Evaluating the Role of Data Enrichment Approaches Towards Rare Event Analysis in Manufacturing
Shyalika, Chathurangi, Wickramarachchi, Ruwan, Kalach, Fadi El, Harik, Ramy, Sheth, Amit
Rare events are occurrences that take place with a significantly lower frequency than more common regular events. In manufacturing, predicting such events is particularly important, as they lead to unplanned downtime, shortening equipment lifespan, and high energy consumption. The occurrence of events is considered frequently-rare if observed in more than 10% of all instances, very-rare if it is 1-5%, moderately-rare if it is 5-10%, and extremely-rare if less than 1%. The rarity of events is inversely correlated with the maturity of a manufacturing industry. Typically, the rarity of events affects the multivariate data generated within a manufacturing process to be highly imbalanced, which leads to bias in predictive models. This paper evaluates the role of data enrichment techniques combined with supervised machine-learning techniques for rare event detection and prediction. To address the data scarcity, we use time series data augmentation and sampling methods to amplify the dataset with more multivariate features and data points while preserving the underlying time series patterns in the combined alterations. Imputation techniques are used in handling null values in datasets. Considering 15 learning models ranging from statistical learning to machine learning to deep learning methods, the best-performing model for the selected datasets is obtained and the efficacy of data enrichment is evaluated.
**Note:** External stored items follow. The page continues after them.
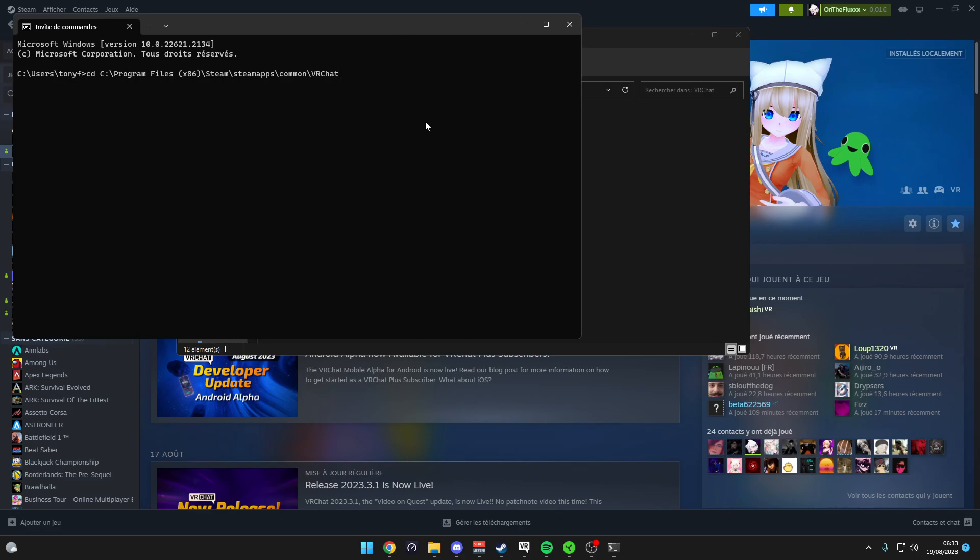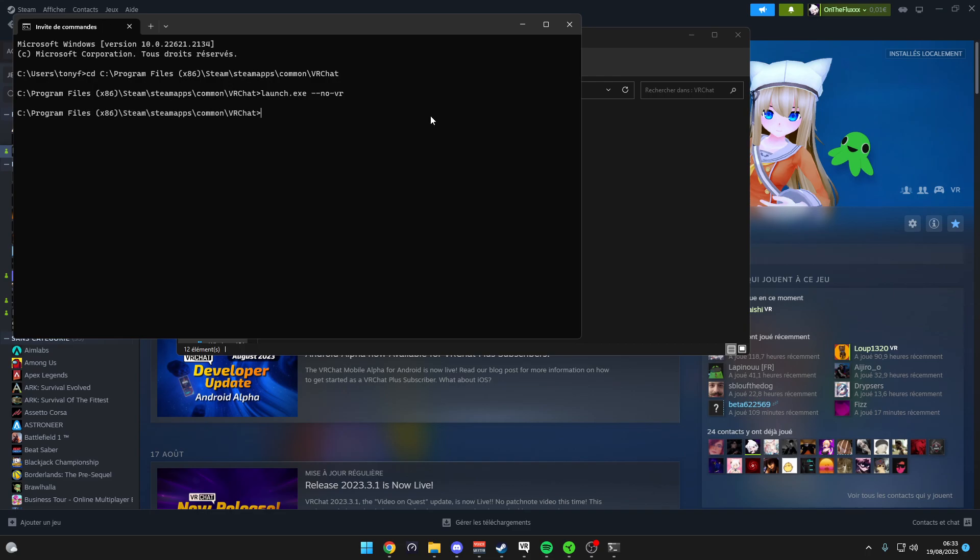Then you write launch.exe, and if you don't want it to be in VR, you add --no-vr like this, then you press enter.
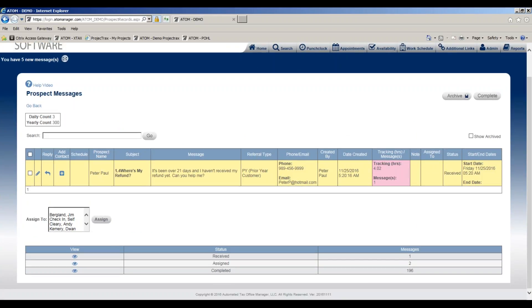In this example, prospect Peter Paul was asking where's my refund. I may want to add this person as a prospect and reply to them at the same time.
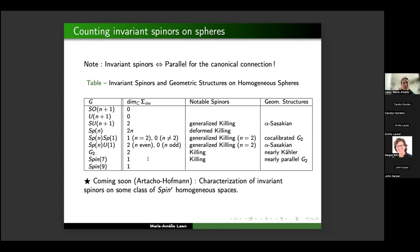We found the dimension of the space of invariant spinors. In cases where the spin structure doesn't exist (where the isotropy representation doesn't lift), we find nothing, as expected. We computed what these spinors are, what geometry they induce — nearly Kähler, nearly parallel G₂ — so with this G-invariant spin structure we are able to compute invariant objects on our manifold giving nice geometric properties. My PhD students — Jordan is finished already — are writing a paper generalising what we've done on spheres to Spin^r homogeneous spaces. Thank you.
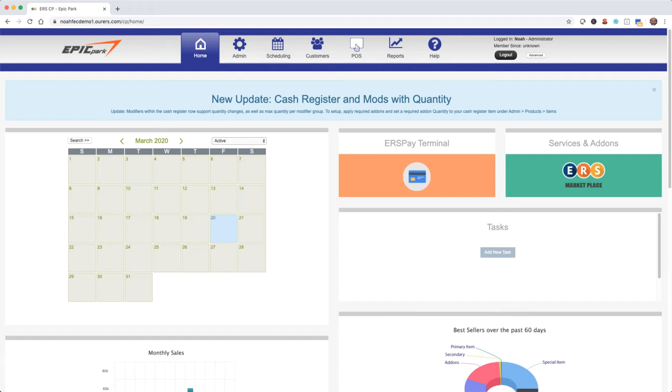Hi there, welcome back to the ERS FEC video training series. In this video we're going to cover adding and editing your inventory items.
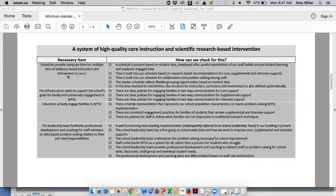Taking the very first item as an example: the necessary item is that schedules provide adequate time for multiple tiers of evidence-based instruction and intervention to occur. To check for this, a school or district coordinator could look to see whether there is a schedule based on student data developed through careful examination of staff beliefs around student learning and academic engaged time — a master schedule based on site data to give adequate time for multiple tiers of instruction. The next check is whether time is built into the schedule based on research-based recommendations for core, supplemental, and intensive instruction and intervention.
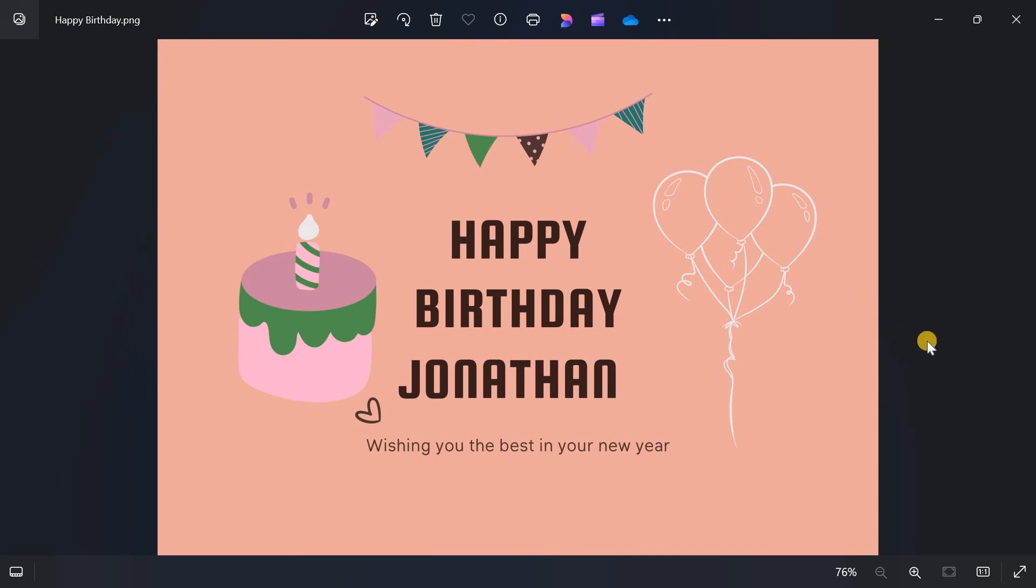So when we open the file, here is how it looks like. You can choose to print it, you can choose to send it as a digital copy to your loved one and customize it the way you want. So thank you for watching, I'll see you in the next video.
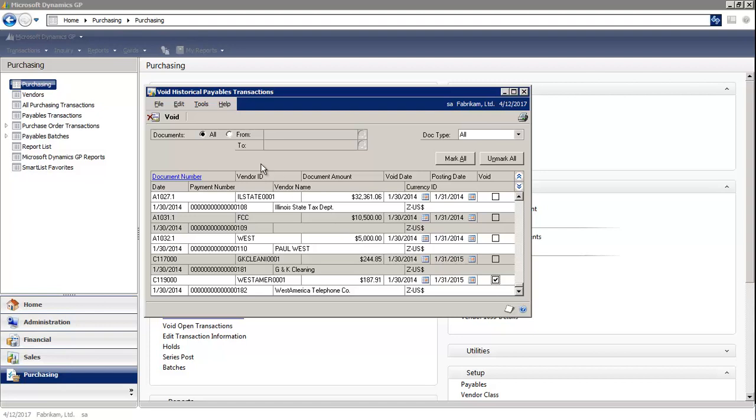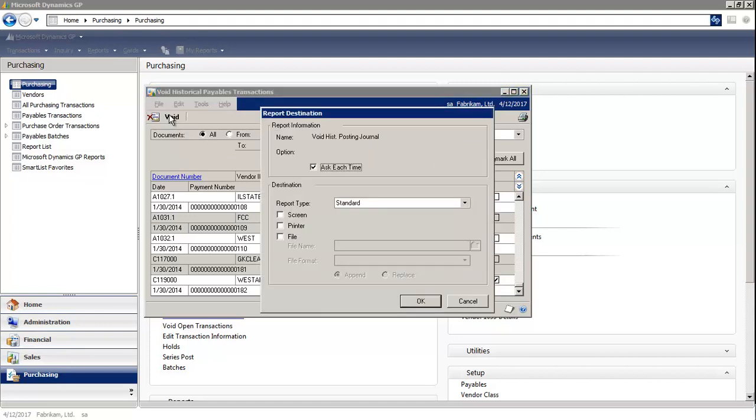Then you would select the void button. When the payment is voided, reversing amounts are posted for the original transaction distribution.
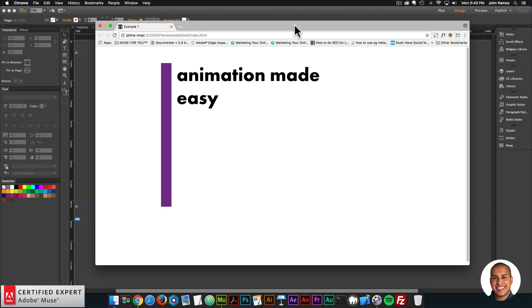Hey, what's up, Musers! John with Muse4U here to help you build awesome websites without code. Welcome to the GSAP and Adobe Muse series. I've decided to create this series to showcase the power of the Muse Motion widget and the Muse Motion 2 widget. For those of you who are not familiar with GSAP, it stands for the GreenSock Animation Platform, and it's basically one of the most powerful animation platforms on the web.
Based on this evaluation, our results find that the enrichment procedure enhances up to 48% of F1 measure in rare failure event detection and prediction of supervised prediction models. We also conduct empirical and ablation experiments on the datasets to derive dataset-specific novel insights. Finally, we investigate the interpretability aspect of models for rare event prediction, considering multiple methods.